◆ WHAT IS NEEDED
Word for word, repeat the data; no picture should appear in the result.

◆ GIVEN MATERIAL
[Start of Attachment]
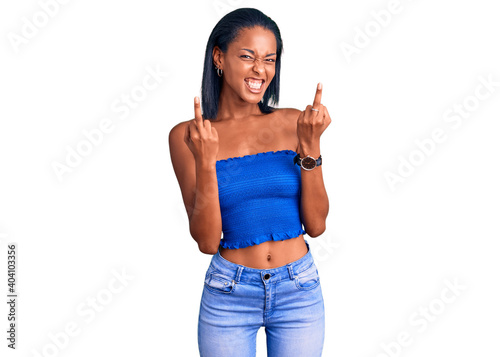 Young african american woman wearing casual summer clothes showing middle finger doing fuck you bad expression  provocation and rude attitude. screaming excited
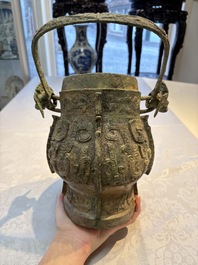 A Chinese archaic bronze wine vessel and cover with Taotie design, You 卣, late Shang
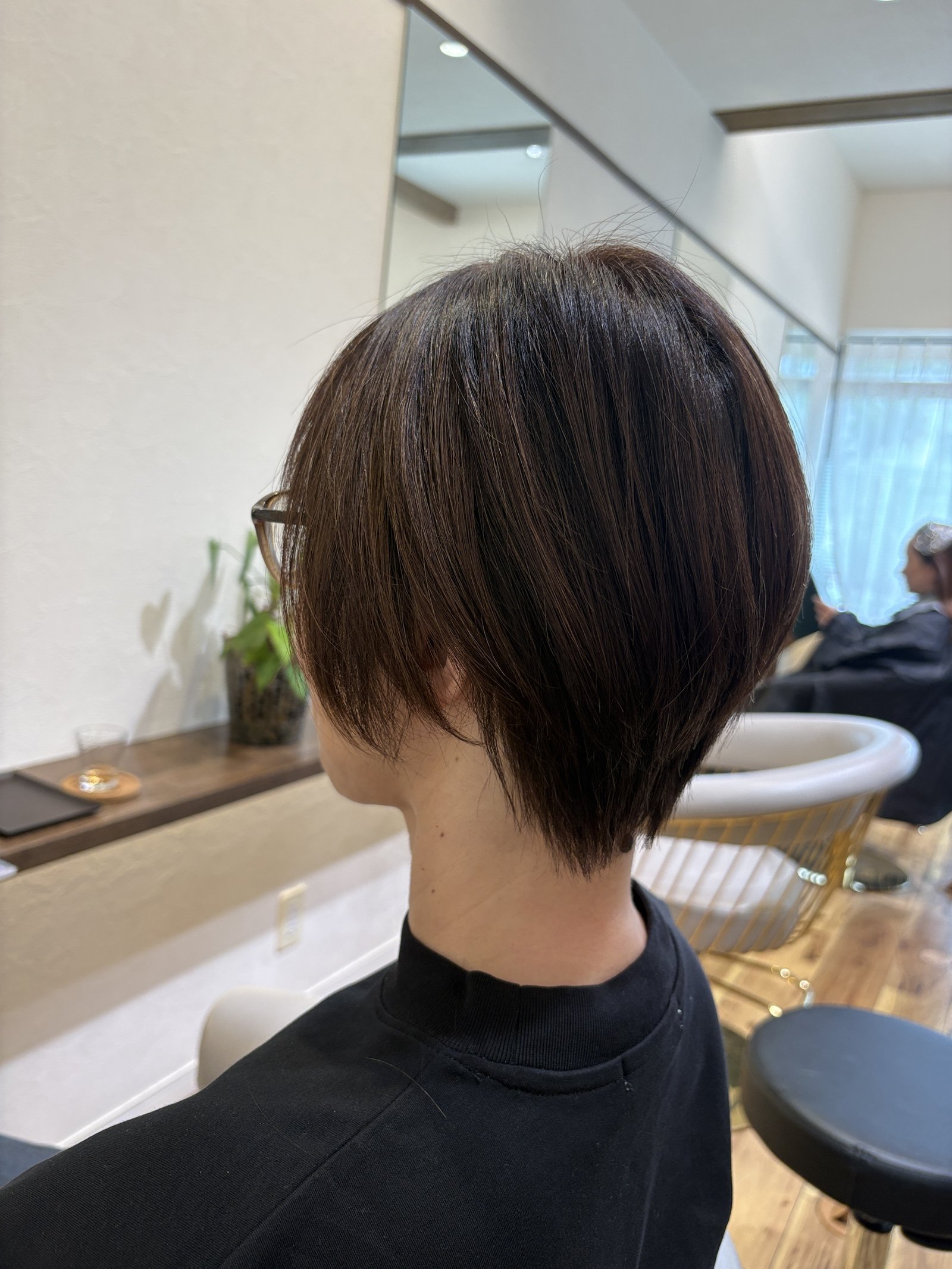 表面のレイヤーとハイライトが重なって立体感に|襟足すっきりの大人ショート、斜め後ろ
[End of Attachment]
◆ WRITTEN SOLUTION
 Young african american woman wearing casual summer clothes showing middle finger doing fuck you bad expression  provocation and rude attitude. screaming excited
 A Chinese archaic bronze wine vessel and cover with Taotie design, You 卣, late Shang
 表面のレイヤーとハイライトが重なって立体感に|襟足すっきりの大人ショート、斜め後ろ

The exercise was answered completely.